The new life ushered in by the Spirit, which severs the hold of sin, is the very reason why we cannot persist in sin. While achieving sinless perfection is impossible in this earthly existence, the one bound to Christ died to sin when Christ died, and he arose to a new life as Christ did. He is now devoted to the Father (Romans 6:1–11).
The fact that we are under the law of the Spirit of life shows that we are still under a law—the law of Christ (see Galatians 6:2 and 1 Corinthians 9:21). We are not called to lawlessness, and no believer can rightly be said to be totally free from all law. The law of Christ is to love God with all our being and to love our neighbors as ourselves (Mark 12:32–33).

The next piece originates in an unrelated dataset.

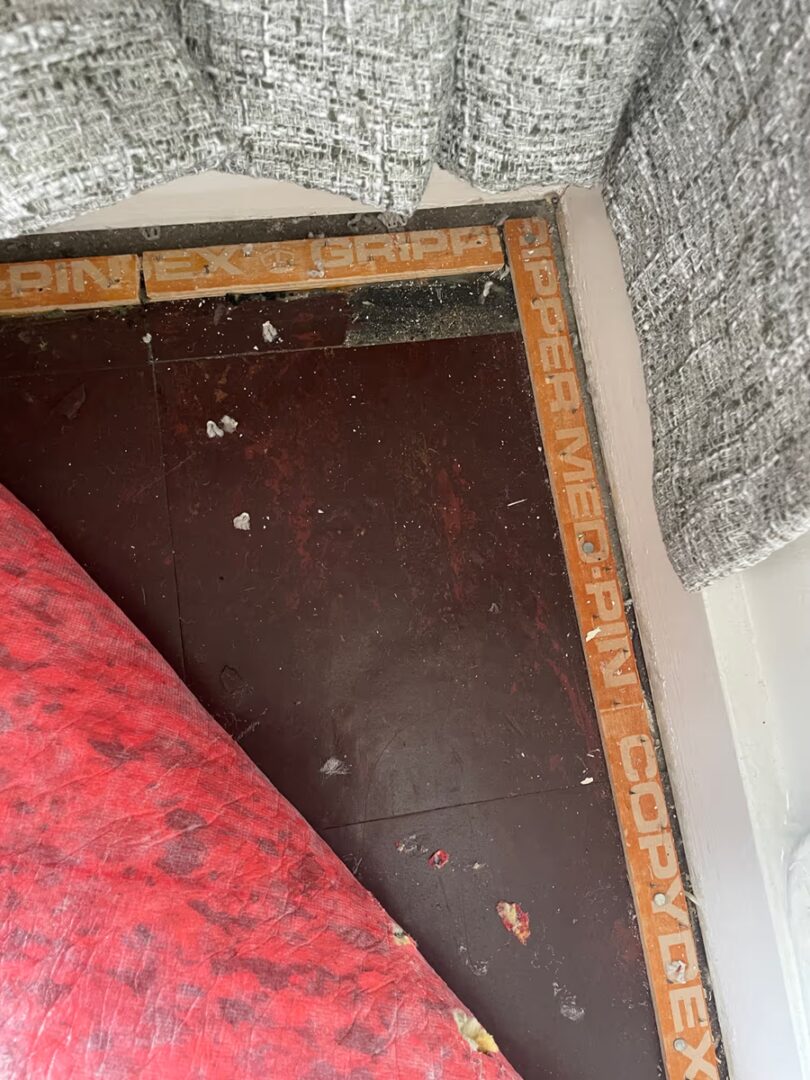 Corner of a room with carpet folded back showing a dark plywood subfloor and carpet gripper rods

Freed by the Spirit from the clutches of sin, we bear no obligation to yield to our sinful desires (Romans 8:12). Instead, we are guided by the Spirit and should be preoccupied with what pleases Him (Romans 8:5–6). Drawing from Romans 12, we gain a tangible glimpse of what a Spirit-led life looks like, beginning with complete devotion to God as a “living sacrifice” (verse 1). As we live to please the Spirit, we witness the emergence of godly character, which Scripture calls the fruit of the Spirit (Galatians 5:22–23). Walking in the Spirit, free from the law of sin and death, leads to life.